> [WORK TO COMPLETE] Write the records out exactly, so that no picture remains in the copy.

++++

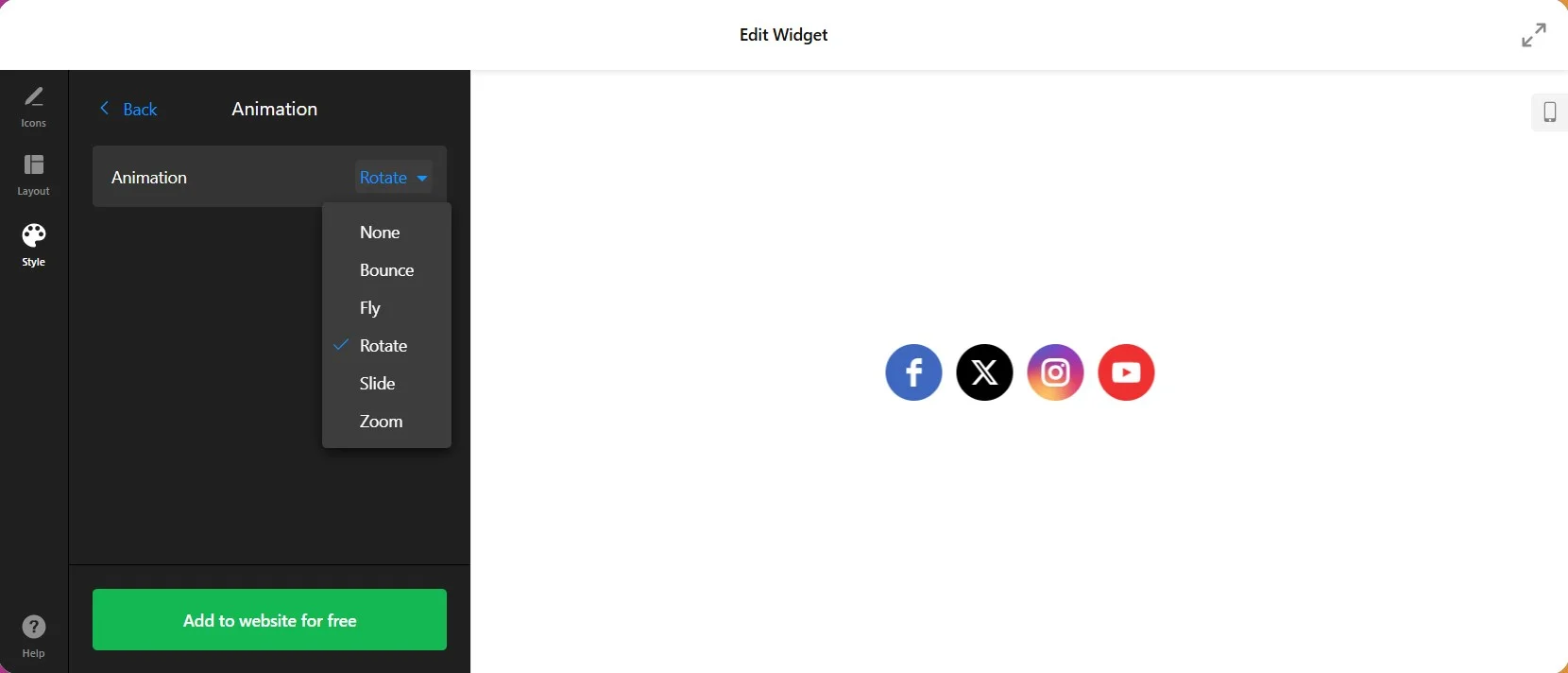 Embed Social media icons to website: add animation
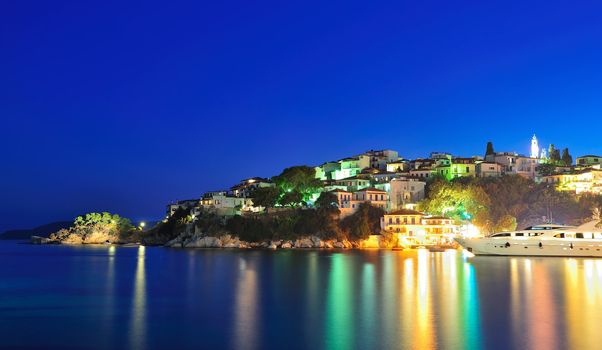 Night picture taken on the Greek island of Skiathos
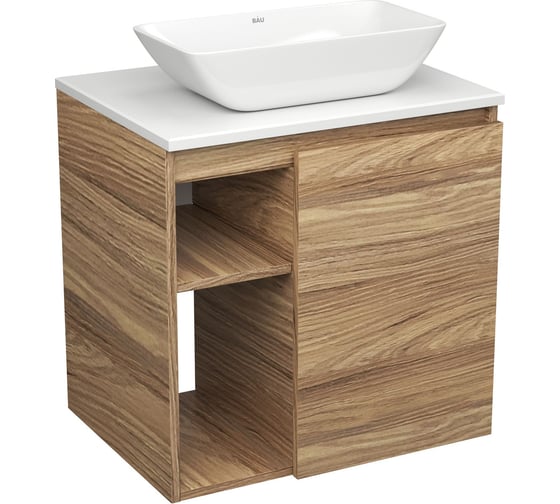 Тумба Bauedge Bau Dream Blackwood 60 правая, раковина BAU Spectrum mini 47х24 SD3207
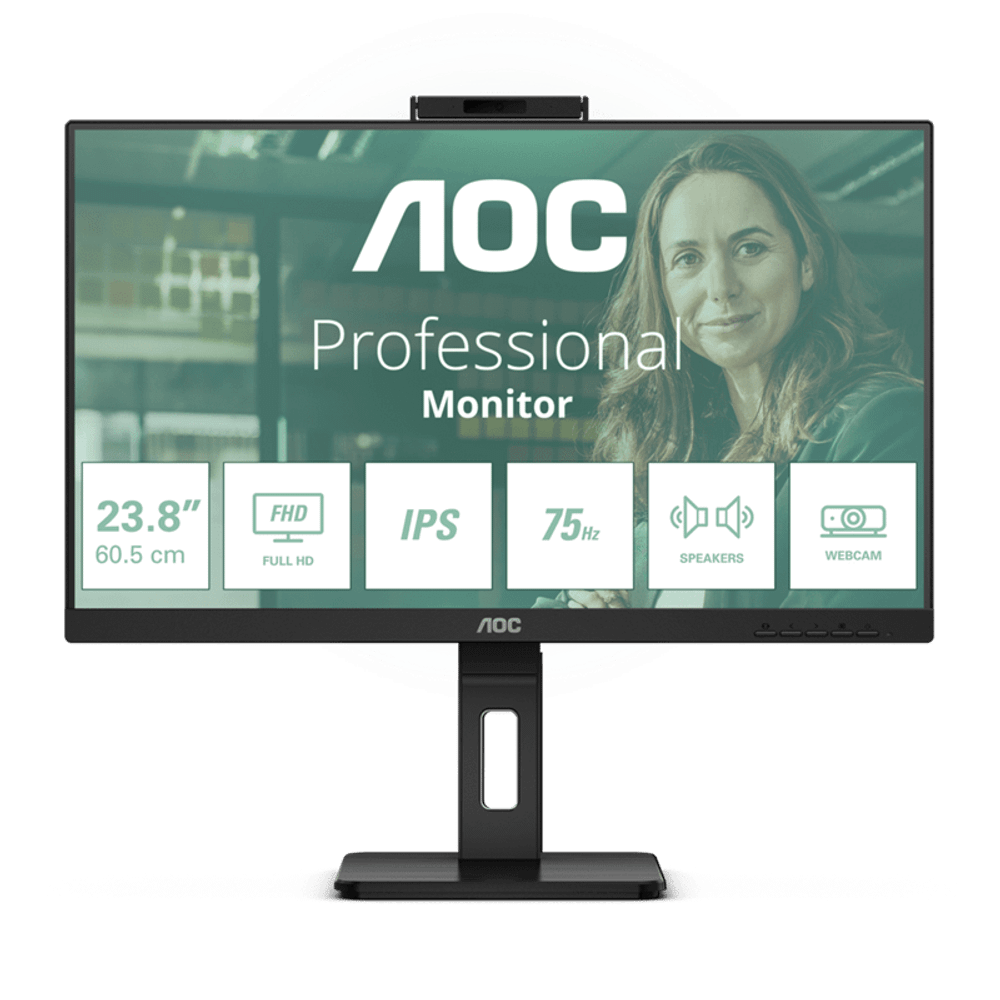 Монитор 23,8" AOC 24P3QW IPS 1920x1080 75Hz 4ms 300cd/m 1000:1 2xHDMI DP 4xUSB 3.2 2x5W WEB Камера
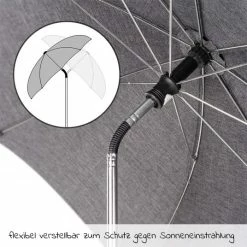 Flash Sale 🎁 Zamboo Universal parasol for stroller / buggy (UV protection 50+) Melange Grey 🎁 -Way Sales zamboo universal sonnenschirm fur kinderwagen buggy uv schutz 50 melange grey 51011 75374 d3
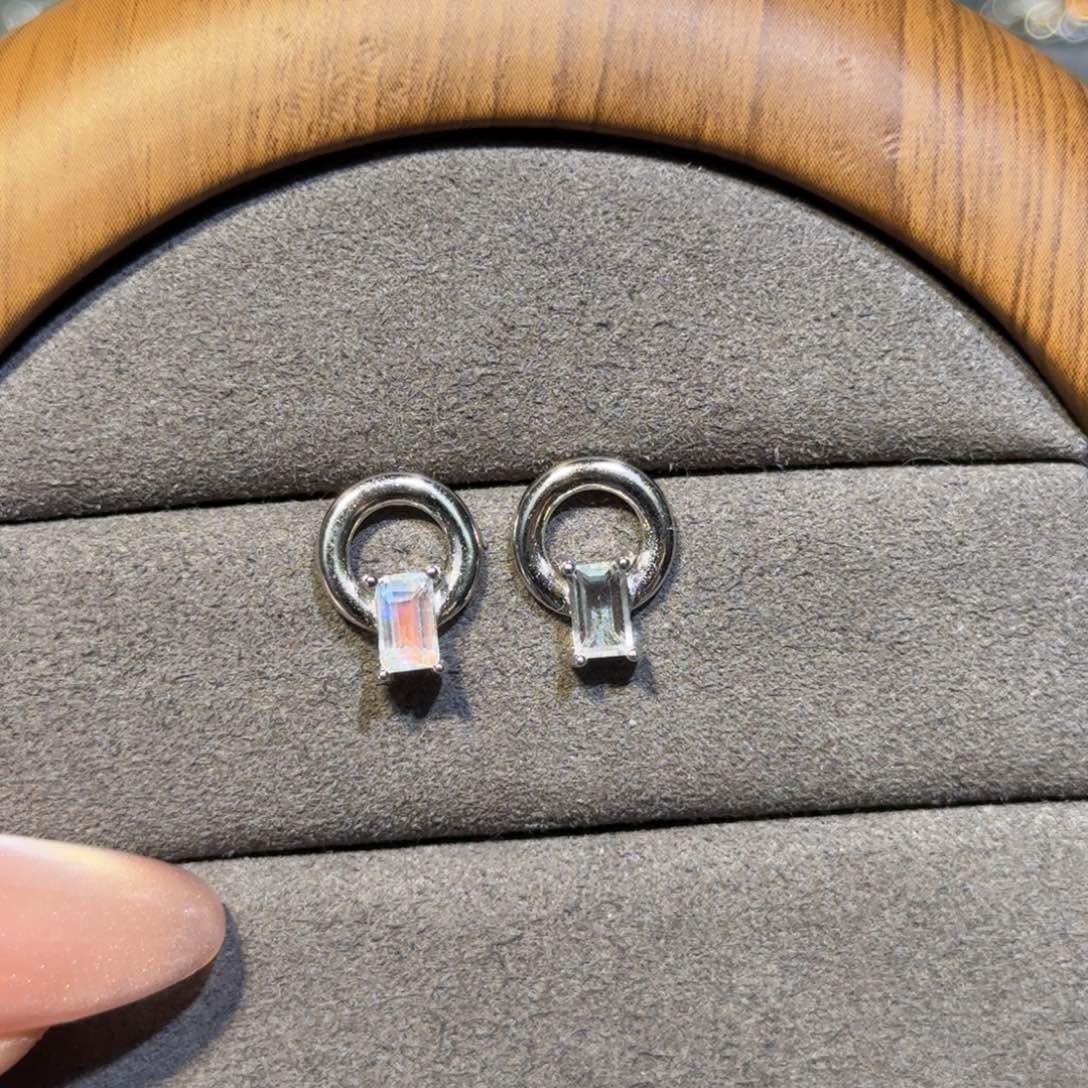 耳钉银S925镶嵌月光石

++++

> [FINISHED EXERCISE]
 Embed Social media icons to website: add animation
 Night picture taken on the Greek island of Skiathos
 Тумба Bauedge Bau Dream Blackwood 60 правая, раковина BAU Spectrum mini 47х24 SD3207
 Монитор 23,8" AOC 24P3QW IPS 1920x1080 75Hz 4ms 300cd/m 1000:1 2xHDMI DP 4xUSB 3.2 2x5W WEB Камера
 Flash Sale 🎁 Zamboo Universal parasol for stroller / buggy (UV protection 50+) Melange Grey 🎁 -Way Sales zamboo universal sonnenschirm fur kinderwagen buggy uv schutz 50 melange grey 51011 75374 d3
 耳钉银S925镶嵌月光石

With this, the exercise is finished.